With social media outlets exploding with real-time feedback on countless events and topics, businesses are scrambling to find ways to harness the pulse of their audiences, but there is so much noise that they have to sort through to get to the valuable data they are after.
A data organization service launched Wednesday to help companies interested in using information from Twitter to better their brand and consumer awareness.
DataSift, has spent roughly the last four years creating a software that would allow simple coding commands to filter through the billions of tweets and organize them for easier analysis and action.
The San Francisco and UK-based company is one of only a handful of companies that has access to the entire Twitter fire hose (not just the tweets but the information on each user's profile and Twitter history.)
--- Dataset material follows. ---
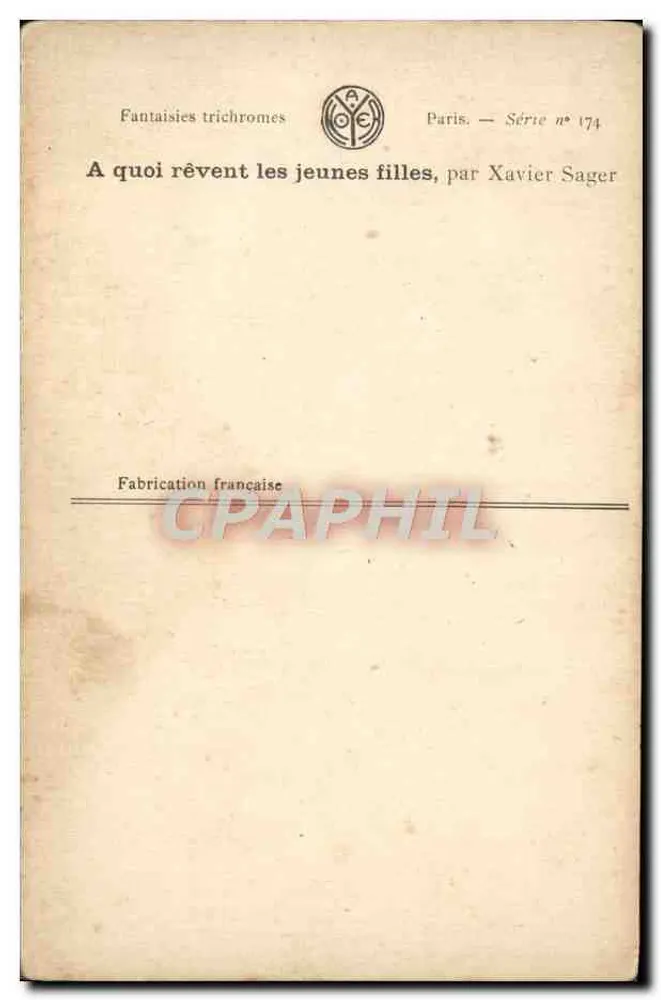 Junge Frau, die raucht — Fantaisies trichromes, Serie n° 174 — Xavier Sager - Rückseite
Since its inception, DataSift has gathered together $8 million in funding from various investors and financial groups and is gearing up to staff aggressively within the U.S.
The co-founder and CTO Nick Halstead has been a passionate coder since he was a child and wanted to harness the immense information available on social platforms, such as Twitter, but it took a while to get the system to the point were it could launch.
"As Twitter grew, it weathered some serious pains and people became familiar with the infamous fail whale," said Halstead, who has founded and worked for several technology companies, including Techmeme. "We wanted to make sure that we had the infrastructure to handle the sheer data we were going to be sifting through before we went live."
What it does
A client or company that wants to track a particular trend or discussion topic through Twitter would create an account with DataSift under one of two payment structures:
1. On demand -- where the user will pay for the data that returns from each search and meets the criteria set forth. This pay system would often look like $0.10 per thousand tweets returned.
2. Prepaid package -- where you choose the budget you wish to spend and limit the number of searches you aggregate from.
Depending on the level of difficultly and the magnitude of the searches a company is interested in, either someone within the user's company can manage the searches or a DataSift employee would spearhead the project.
If a company, say Starbucks, is interested in getting feedback about a new special they are running in particular regions, a DataSift search can be created that target geographical areas, key search terms and then analyzes whether the responses are positive or negative. The data can also understand and sort through 31 languages.
Overall reports on the general public sentiment or the amount of feedback for a given search can be found in mere moments and then, if the client is so inclined, they can dig deeper and look at each individual response or organize them based on gender or location or the level of influence they have on Twitter.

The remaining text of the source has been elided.